Bette Davis, Jezebel (1938)

Davis’s Julie has a spat with her betrothed, banker Henry Fonda, who is graced with impossibly poofy hair. So her vengeance is showing up at a New Orleans ball, where young women traditonally wear white, in a red dress. She is disgraced. Fonda is humiliated by her upstagery, so heads north on Banking Business. When word comes that he is coming back to New Orleans, Julie, in a fever primp, is ecstatic over his return. He returns with a wife. Damn damn damn. Fortunately for both, yellow fever strike New Orleans, Fonda comes down with it, and the rest has Julie channeling Sydney Carton in A Tale of Two Cities. Davis is deceitful, scheming, amoral, enormously flirty and quite mad. She is delightful.

Burt Lancaster, Seven Days in May (1964)

Lancaster is a four-star Air Force General, Chief of the Joint Chiefs, Medal of Honor awardee with enough “scrambled eggs” (braid) on the vistor of his dress cap for two Denver Omelets. And, by comparison, he makes Julie’s madness seem tame. He is paranoid and a megalomaniac who is planning a coup against the President so he can become America’s dictator. Darn, those old movie themes never quite go away, do they? Lancaster’s intense, coil-springed and impulsive villain is balanced by his aide, Kirk Douglas, a Marine colonel, who is still Kirk Douglasy intense but is also intuitive, thoughful and honorable. Gradually, Douglas unravels the plot and the rest of the cast attempts to stop the coup. Lancaster’s character reminds me also of Gen. Jack D. Ripper, immortalized by Sterling Hayden in a contemporary film, Dr. Strangelove. The film is also notable for old cars, most notably Douglas’s 1963 Thunderbird.

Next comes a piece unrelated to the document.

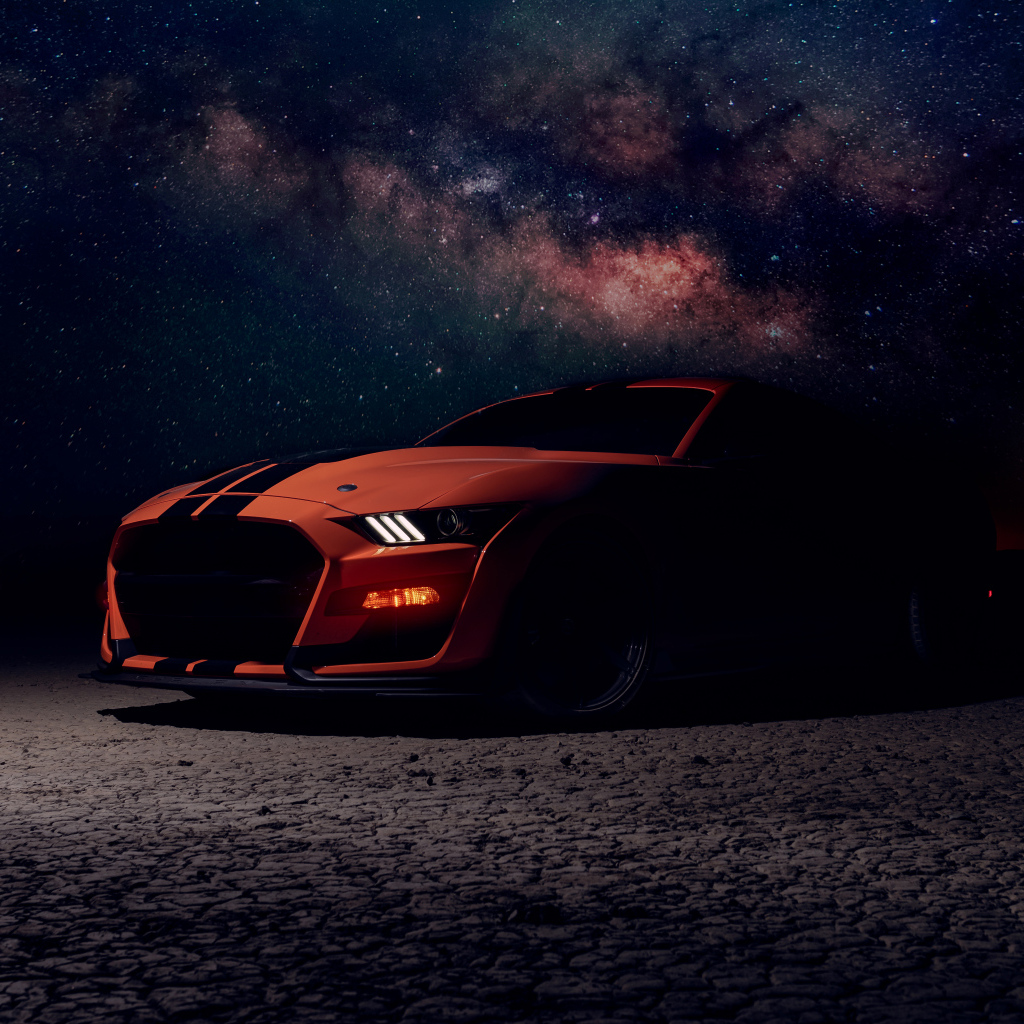 Красивый автомобиль Ford Shelby GT500 на фоне ночного неба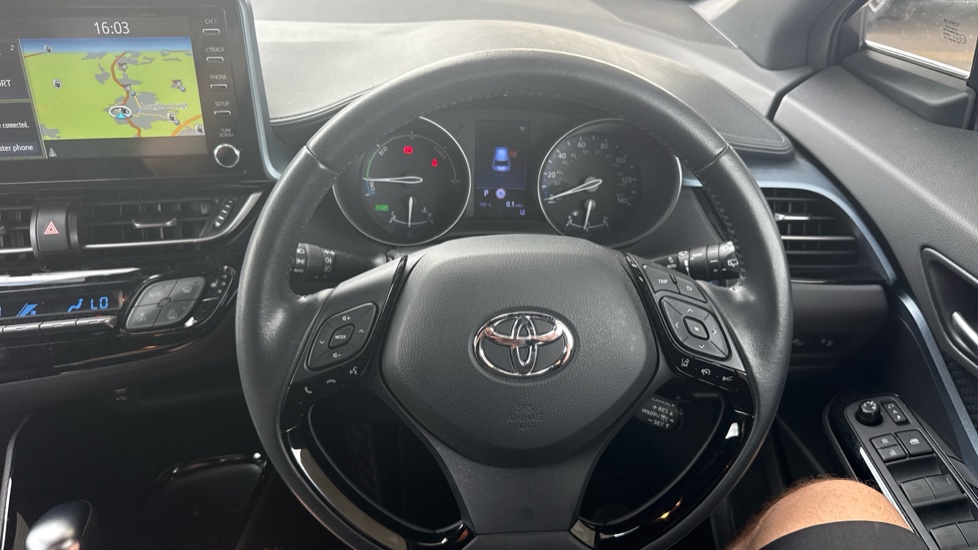 Toyota C-HR 1.8 Hybrid Design 5dr CVT Hybrid Hatchback - Image 7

Bruce the Shark, Jaws (1975)

Unlike Lancaster, who chews up the scenery and several hundred yards of film in Seven Days in May, Bruce might be his scariest when he’s unseen, which prepares you for the Boogah Boogah! moments when he appears. And, granted they are both boogah and boogah. Part of that might be because the mechanized shark was so difficult to work with and broke down so often, but I re-watched the last 40 minutes a few nights ago—I stopped before Quint becomes the main course for Bruce—and the final chase sequence, when all you see of the shark are the racing yellow barrels, is brilliant. Spielberg scores it with what might be called happy pirate music, and the film’s mood, after Quint describing the Indianapolis horror, is actually exuberant. Even if you’d read the book, the chase sequence is such a skillful bit of misdirection that it makes the grisly scenes hit that much harder. I still remember, when I first saw Jaws, that the crowd groaned in unison and then grew very quiet. When Roy Scheider blows Bruce the Shark up, there were cheers. It was a grand communal moment.